From the Oct. 2007 Issue
British anthropologist Robin Dunbar originally posited what’s now become known simply as Dunbar’s number. The number, which is 150, was popularized by Malcom Gladwell in his recent best-selling business book, “The Tipping Point,” and represents the theoretical maximum size of group in which all the members can maintain a “relationship.” Dunbar defined that relationship as one that required every group member to know who each person is and how each person relates socially to every other person in the group. It’s generally accepted that group sizes larger than this usually require more restrictive rules and regulations to maintain order. So what does this have to do with us in the public accounting and technology community? I believe it has plenty do with us, and I’ll explain why.
Unless you’ve been living under a rock, you’ve probably heard of MySpace. It’s the fabulously successful “social networking” website owned by Rupert Murdoch’s News Corp. MySpace now includes nearly 200 MILLION accounts and claims to be adding accounts at the rate of 250,000 per DAY! Technology is, if not increasing Dunbar’s number, then, certainly assisting in management of those individuals included in it. It’s my observation that practicing accountants aren’t well-represented on MySpace (although results for a search of “CPA” included 22,000 hits), nor are they big users of the other players in the “social networking” field.
The others I’d include in this space are Windows Live Spaces, Friendster, Facebook, LinkedIn and Plaxo. While some are clearly student and personal-contact oriented, others are moving inexorably toward the business and professional space. Just over two years ago, Ried Elsiver’s LexisNexis unit acquired Interface software and has now integrated it into its product line as a CRM (Client Relationship Management) system. The interesting thing is that, at its heart, Interface is a “social networking” system. Other vendors are most certainly watching upstarts in this space. Facebook was, until recently, limited to those with a dot-edu address — essentially, only students. After opening the system to all comers just a few short months ago, Facebook now claims that over 50 percent of its users (the latest count is nearly 50 million and growing 3 percent per WEEK) are non-students. In fact, Yahoo! offered Facebook founder Mark Zuckerberg one billion dollars for the company, and he turned it down. What’s going on here?
Simply stated, it’s the search for the Holy Grail. In this case, the Grail is a single repository for everyone to keep in contact with everyone else. I’m not at all certain that we’ll ever have that (or even if it’s advisable), but I am sure that there are ramifications for practicing accountants. Business and professional people are beginning to realize that the FOAF (friend-of-a-friend) system of social networking is an efficient and helpful way to either manage your 150 friends, or to significantly increase the number. Visionary practitioners (notice I said visionary, not young; those terms are neither synonymous nor mutually exclusive) are beginning to show up on these networks regularly.

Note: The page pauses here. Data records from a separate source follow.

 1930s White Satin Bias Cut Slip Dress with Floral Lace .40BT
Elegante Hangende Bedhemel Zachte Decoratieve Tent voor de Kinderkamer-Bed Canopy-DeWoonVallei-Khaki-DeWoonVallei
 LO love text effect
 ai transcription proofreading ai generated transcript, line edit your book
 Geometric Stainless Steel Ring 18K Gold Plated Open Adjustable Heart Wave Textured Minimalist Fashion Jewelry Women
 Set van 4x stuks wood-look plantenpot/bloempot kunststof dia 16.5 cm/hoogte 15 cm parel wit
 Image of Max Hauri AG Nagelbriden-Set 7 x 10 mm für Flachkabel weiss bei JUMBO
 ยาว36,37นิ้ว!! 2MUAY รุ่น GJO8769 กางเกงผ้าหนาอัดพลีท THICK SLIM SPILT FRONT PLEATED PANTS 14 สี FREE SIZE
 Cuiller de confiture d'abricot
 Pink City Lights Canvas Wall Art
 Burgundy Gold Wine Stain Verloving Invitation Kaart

If you’re smart, you’ll consider joining them. But how? And which one? Who will win the race? What should we be doing? My advice? At a minimum, you should be “discoverable” if someone is seeking you out. The following are all FREE and can be implemented in a few hours.

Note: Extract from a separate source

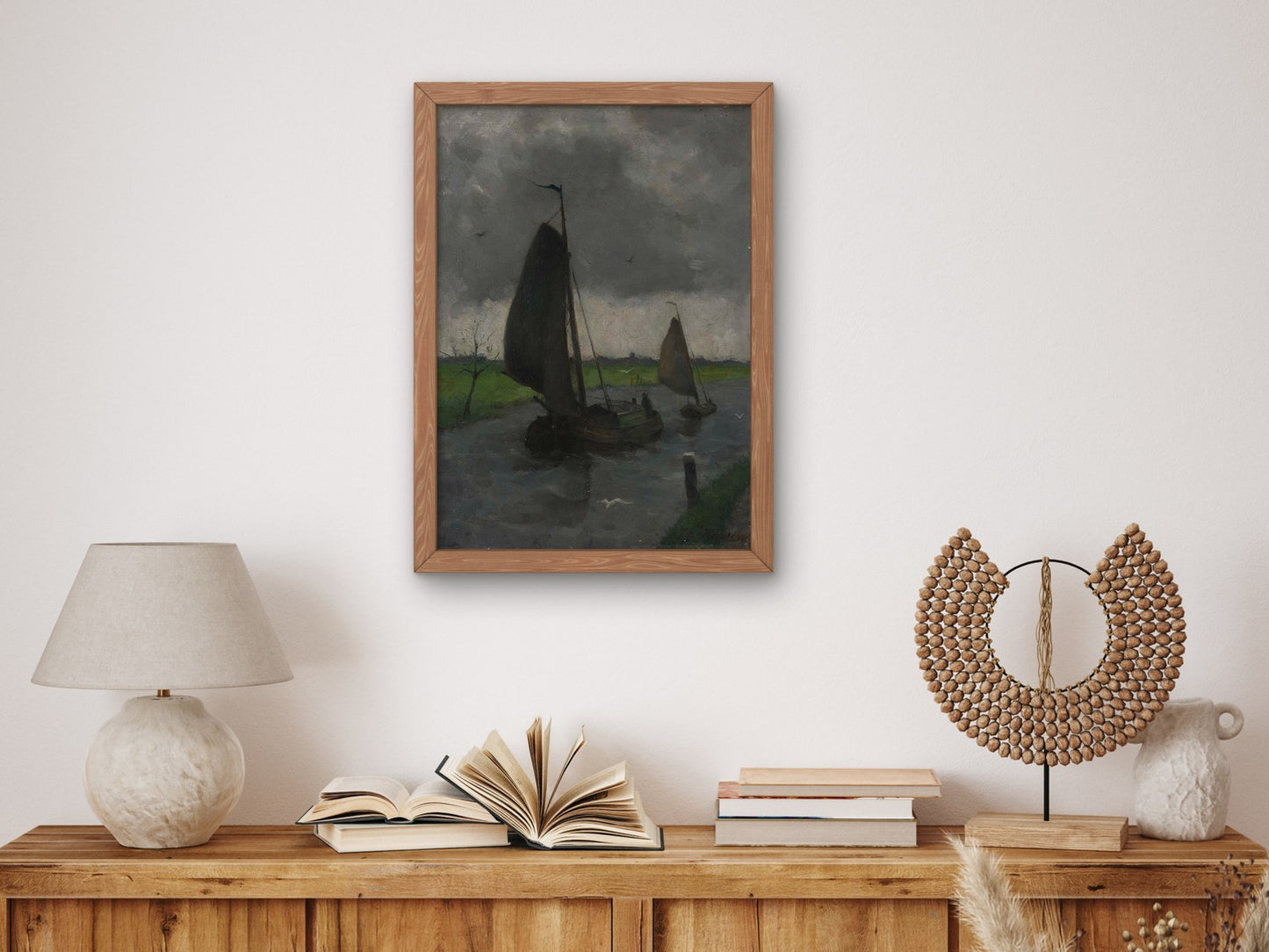 Watercourse with Sail Barges by Eduard Karsen 1885, Wall Art Print, Fine Art Reproduction, Museum Quality Decor, Poster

Set up a LinkedIn account. You create a profile that details your education, employment and professional accomplishments. Once you’re “found,” former and current colleagues can “add” you to their networks as a “connection.” And you can add them, as well. Your “connections” are then visible to those to whom you are connected, and so forth. It’s sort of like “six degrees” for real life! You add more connections by inviting trusted contacts to join the system and connect to you, ultimately linking you to thousands of other professionals.
Set up an account here, too. It’s just too active to skip. In 15 minutes, you can have a respectable bio up and available. It’s much like LinkedIn, but definitely serving a younger demographic. For now. It’s changing daily, so why wait? One new client or one recruited employee makes it instantly worthwhile.
I’ve written about this before. It’s a no-brainer. They have over 15 million members, and every one of them who’s in your address book will automatically and instantaneously be connected to you. Its beauty is in the seamless exchange of contact information. When a member changes his or her contact information, it’s automatically reflected in the address books of every other connected Plaxo member. For example, I recently changed my fax number. I simply updated my Plaxo account, and every one of my Plaxo member contacts had my new number instantly. It’s very clever and very handy. In early August, Plaxo rolled out a service called Plaxo Pulse, which holds great promise in that “race for the Holy Grail.” It solves the multiple platform problem through aggregation. It’s much too early to opine on Pulse, but it does hold some promise.
WHAT TO SKIP
Friendster, Windows Live Spaces and MySpace. These three are consumer level and extremely youth oriented. Save your time; don’t bother.